Mas este critério tem limites. No calor de grandes transformações revolucionárias é distinta. A sua substituição parece ser um problema, incomparavelmente, mais complexo: na luta política o tempo conta, as oportunidades são frágeis, excepcionais, e podem se perder. O problema da substituição da liderança política é mais complexo do que a substituição dos fundadores, os “beginners“, porque os primeiros dependem, incondicionalmente, de uma coincidência com os grandes fluxos favoráveis dos acontecimentos, para realizarem a sua obra.

Enquanto os grandes pensadores, cientistas e artistas, podem marchar, e quase sempre o fizeram, em alguma medida, como precursores, na contracorrente das posições hegemônicas de seu tempo. A verdadeira dimensão de sua obra é póstuma. Em alguma medida, sempre são conscientes de que sua obra é uma ponte estendida em relação ao futuro. Não dependem das marés montantes da luta de classes para aproveitar a oportunidade histórica, porque não trabalham para o presente.

Porque o problema maior é o dos sujeitos políticos coletivos: parece insustentável considerar que a sua presença resultará, mecanicamente, como causa e consequência, da necessidade, das classes populares em luta, de expressarem politicamente os seus interesses. Esta conclusão só é compatível com uma perspectiva, fortemente espontaneísta, de que as revoluções resolvem as suas necessidades subjetivas “en marche”, pela força liberada da mobilização do sujeito social, que diminui, ou reduz ao mínimo, a importância da qualidade do sujeito político.

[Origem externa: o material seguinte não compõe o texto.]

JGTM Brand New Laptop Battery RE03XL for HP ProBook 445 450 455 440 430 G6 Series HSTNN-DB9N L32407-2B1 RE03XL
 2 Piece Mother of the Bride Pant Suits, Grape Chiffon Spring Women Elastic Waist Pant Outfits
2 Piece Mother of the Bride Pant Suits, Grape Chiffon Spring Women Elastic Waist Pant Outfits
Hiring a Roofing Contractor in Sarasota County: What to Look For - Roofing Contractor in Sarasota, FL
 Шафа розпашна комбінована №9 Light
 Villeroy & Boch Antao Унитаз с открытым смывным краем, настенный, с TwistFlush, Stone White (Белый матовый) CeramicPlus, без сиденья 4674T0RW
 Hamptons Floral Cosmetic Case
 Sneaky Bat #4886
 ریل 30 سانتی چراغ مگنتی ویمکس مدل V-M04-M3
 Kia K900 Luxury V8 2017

Porque ela ignora a dimensão, relativamente, incerta e autônoma da política. Os partidos e as outras formas de representação políticas não atuam imunes às pressões das diferentes camadas e estratos que diferenciam, objetiva e subjetivamente, a classe ou as classes que pretendem expressar, assim como sofrem, tanto as pressões das classes socialmente hostis, quanto as das outras correntes e tendências organizadas. Por isso, suas trajetórias estão repletas de hesitações, giros, realinhamentos, divisões e unificações, isto é, os mais variados deslocamentos, à direita e à esquerda, expostos a todo tipo de crises, e vulneráveis ao erro. A ideia muito popular de que “ninguém é insubstituível” tem um grão de verdade, embora mereça ser problematizada. Mas dela não decorre que a presença de uma organização revolucionária seja irrelevante. Não é.

Parece irrefutável, que no século XX, “os tempos da política se aceleraram”, exigindo das classes buscar na forma partido um instrumento útil, ainda que imperfeito, para a defesa de seus interesses: em uma palavra, as margens de improvisação política se reduziram.

A “partidocracia” contemporânea – o monopólio da política nas mãos dos partidos – embora em crise, porque as classes buscam outras formas de representação política dos seus interesses, permanece de pé. O conflito entre a eficácia da forma partido, e o perigo de que os aparelhos partidários escapem ao controle dos representados e desenvolvam uma imensa independência de interesses próprios é uma das tensões principais do atual período histórico.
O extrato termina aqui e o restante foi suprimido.